Task goal: Once the pictures are set aside, transcribe each line of the listing exactly.

Collected data:

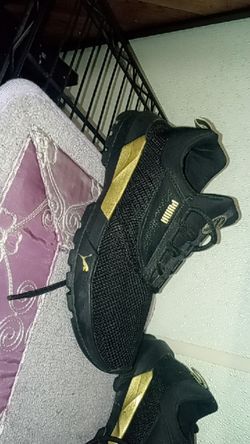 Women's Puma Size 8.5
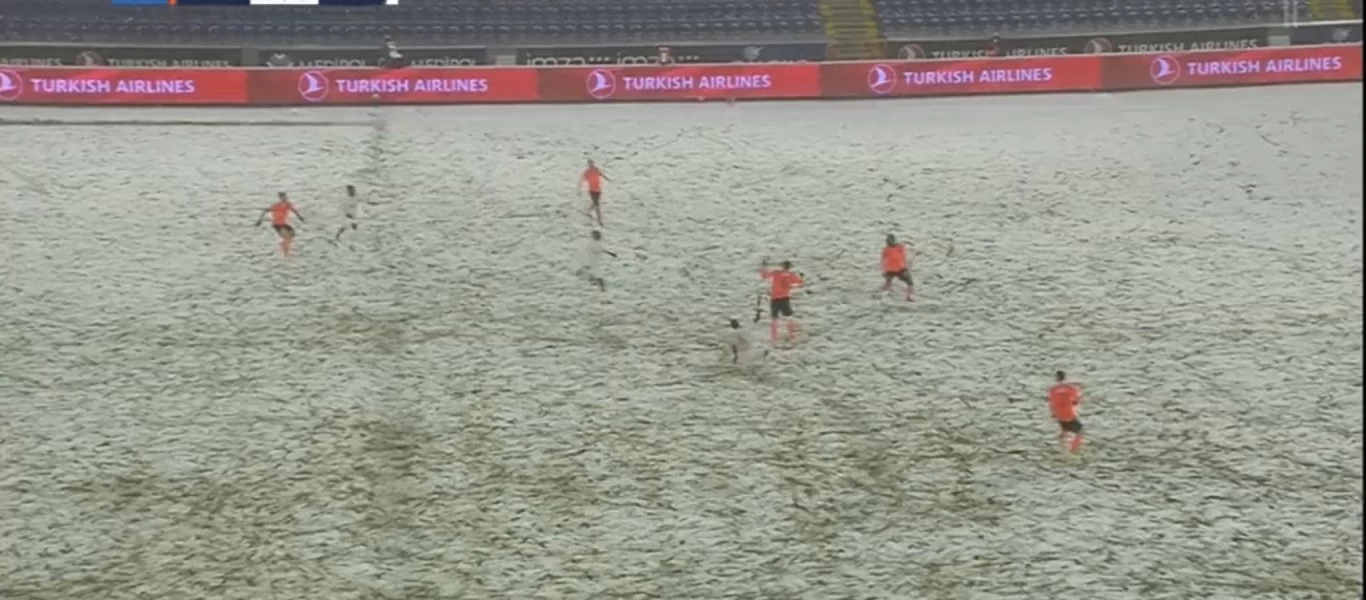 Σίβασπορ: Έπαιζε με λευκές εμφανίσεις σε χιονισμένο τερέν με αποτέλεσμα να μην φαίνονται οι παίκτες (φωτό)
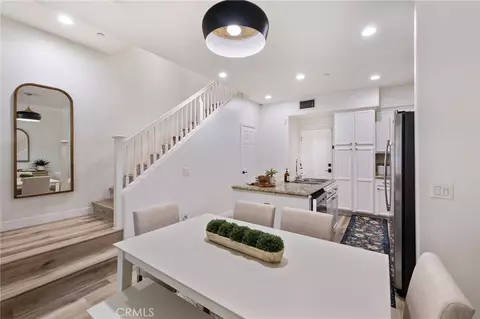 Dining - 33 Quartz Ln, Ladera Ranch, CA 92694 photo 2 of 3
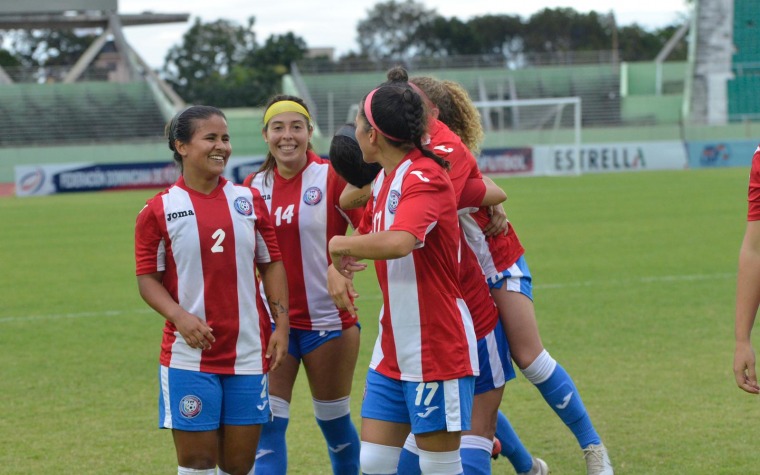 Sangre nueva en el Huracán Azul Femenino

Output for this task:
 Women's Puma Size 8.5
 Σίβασπορ: Έπαιζε με λευκές εμφανίσεις σε χιονισμένο τερέν με αποτέλεσμα να μην φαίνονται οι παίκτες (φωτό)
 Dining - 33 Quartz Ln, Ladera Ranch, CA 92694 photo 2 of 3
 Sangre nueva en el Huracán Azul Femenino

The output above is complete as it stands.